A cidade dormiu e amanheceu silenciosa. Em todas as partes, havia desenhos e frases nos muros, alguns bonitos, outros feios. A maioria sem sentido para quem vê. Mas havia mensagens, deixadas para o público a céu aberto e sob a luz do Sol, mas com significados escondidos mais fundo que as pedras de asfalto. Uma figura peculiar deixara sua mensagem para os nova-iorquinos, algo simples, M. Um M grafitado em um muro de grande avenida. Ao passar pelo desenho, muitos ignoraram. Outros apenas chacoalharam os ombros, mas um garoto tocou a letra, sentindo os dedos sujos pela tinta ainda fresca. Não era a primeira vez que se deparava com o desenho floreado de tinta spray, e já vira outras letras nos muros, mas nada que tivesse sentido óbvio. Seguiu seu caminho, divagando sobre a história do M.

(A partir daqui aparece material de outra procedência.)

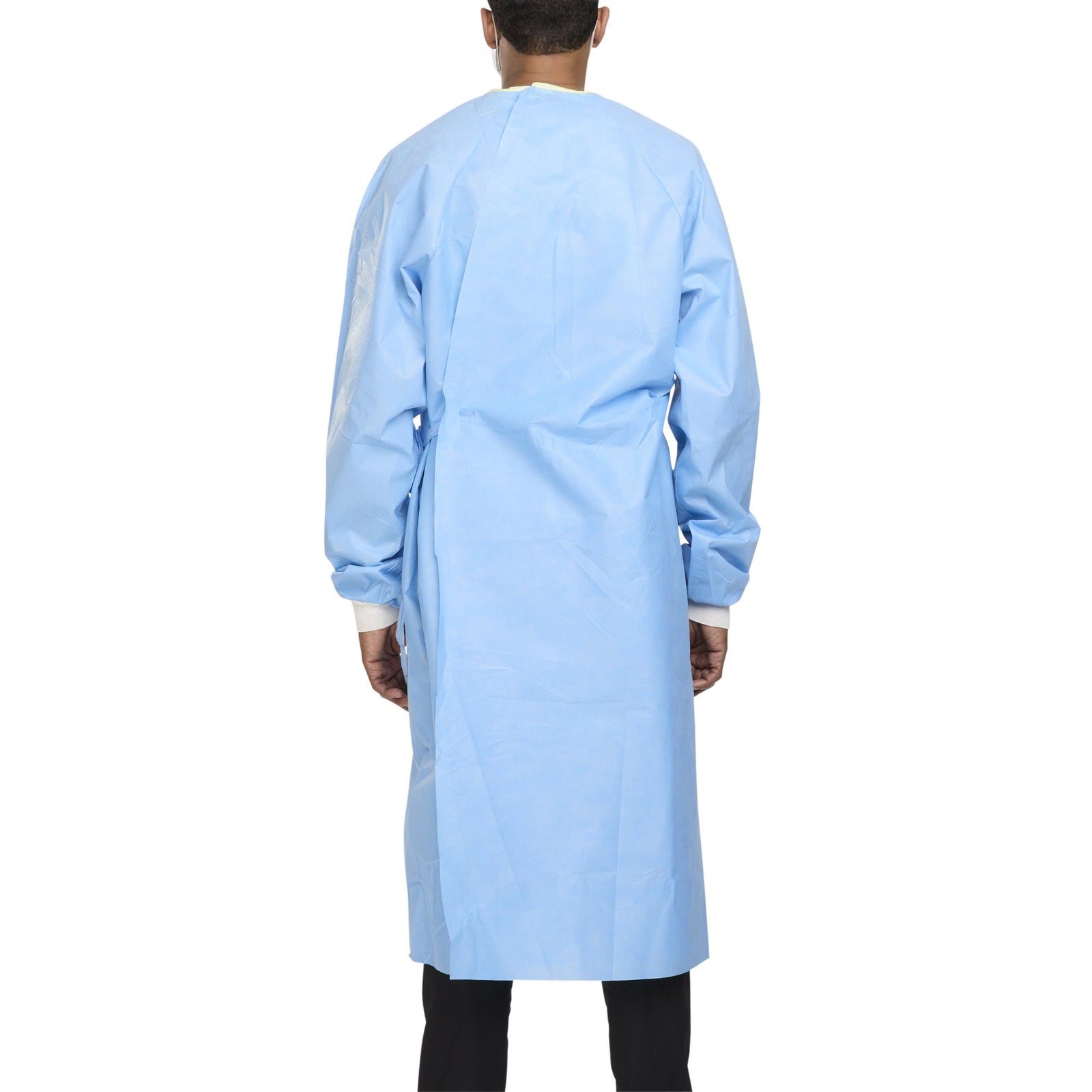 Ultra Non-Reinforced Surgical Gown With Towel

No dia seguinte, havia outra letra desenhada no muro, um A. O rapaz observou a sílaba, sem chegar a nenhuma conclusão. A cada dia, novas letras surgiam no muro, formando uma palavra, MACUSA. O que seria aquilo? Curioso, o menino, de nome Credence, procurou por “letras miúdas” que pudesse haver no grafite, mas nada estava escondido nas entrelinhas. Os dias se passavam como se nada tivesse mudado em Nova York, exceto pela palavra MACUSA, que se proliferou pelos muros e paredes suburbanos.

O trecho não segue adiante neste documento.